BEGIN The data
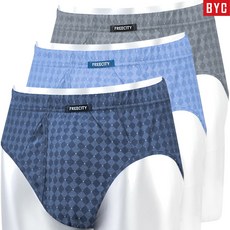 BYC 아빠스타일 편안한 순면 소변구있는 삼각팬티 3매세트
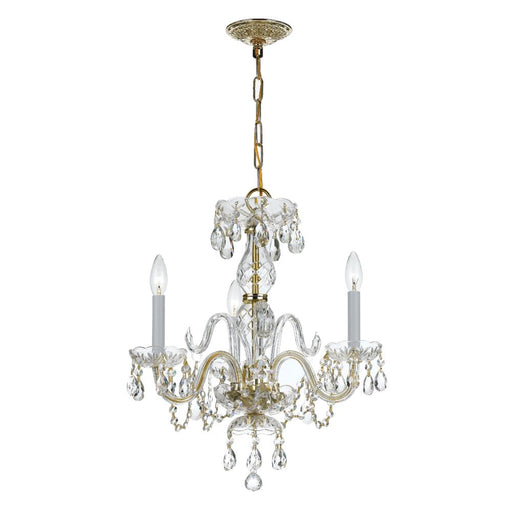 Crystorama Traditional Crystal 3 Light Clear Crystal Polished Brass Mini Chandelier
END The data
BEGIN The data
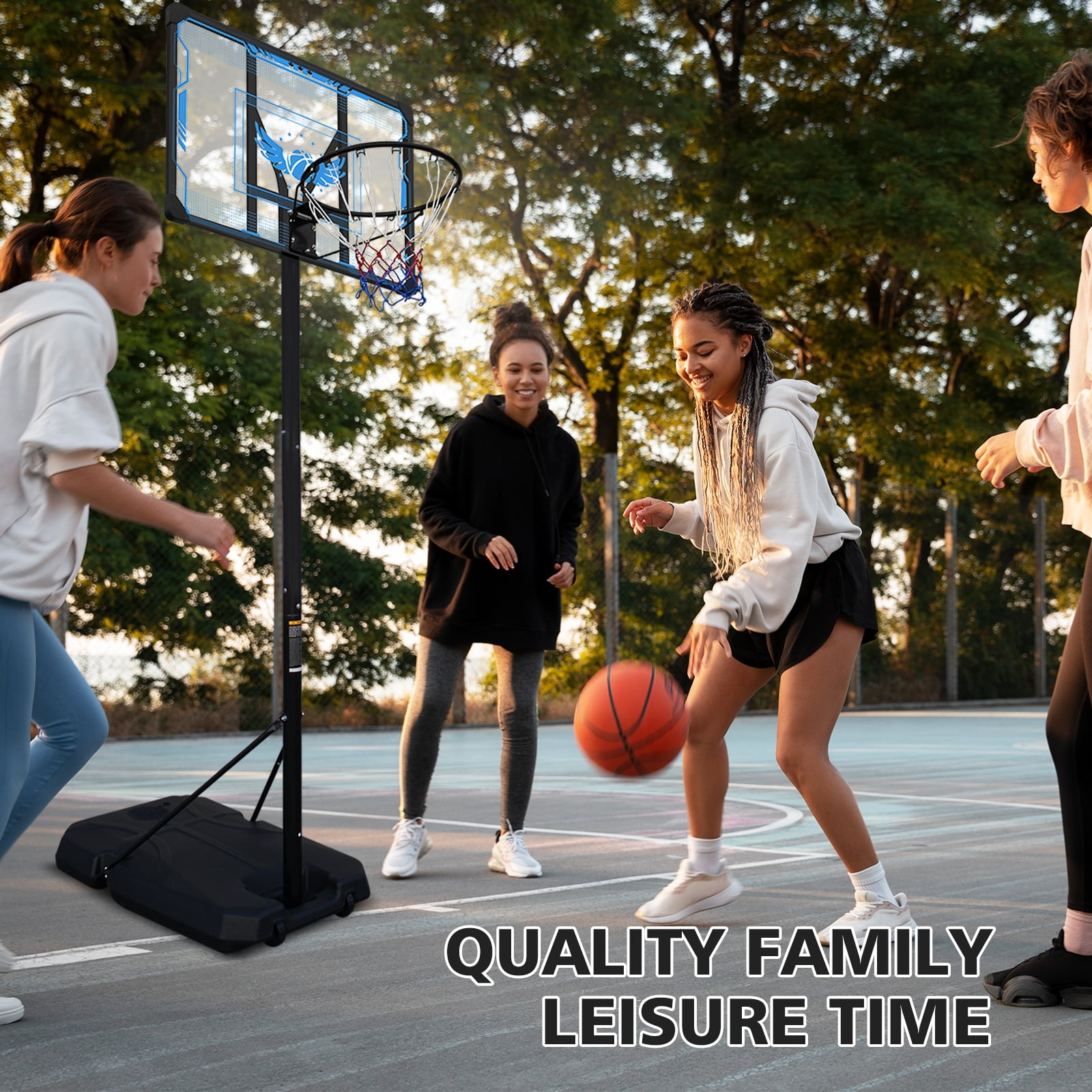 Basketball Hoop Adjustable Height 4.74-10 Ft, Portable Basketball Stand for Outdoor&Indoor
END The data
BEGIN The data
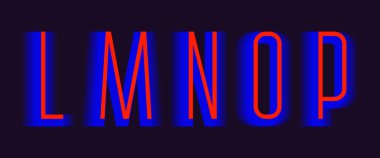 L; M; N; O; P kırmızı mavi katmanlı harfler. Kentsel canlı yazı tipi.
END The data
Give the lines above again exactly, from the one containing "BYC 아빠스타일 편안한 순면 소변구있는 삼각팬티 3매세트" to the one containing "Crystorama Traditional Crystal", both included, but leave out the pictures.

#### Output:
 BYC 아빠스타일 편안한 순면 소변구있는 삼각팬티 3매세트
 Crystorama Traditional Crystal 3 Light Clear Crystal Polished Brass Mini Chandelier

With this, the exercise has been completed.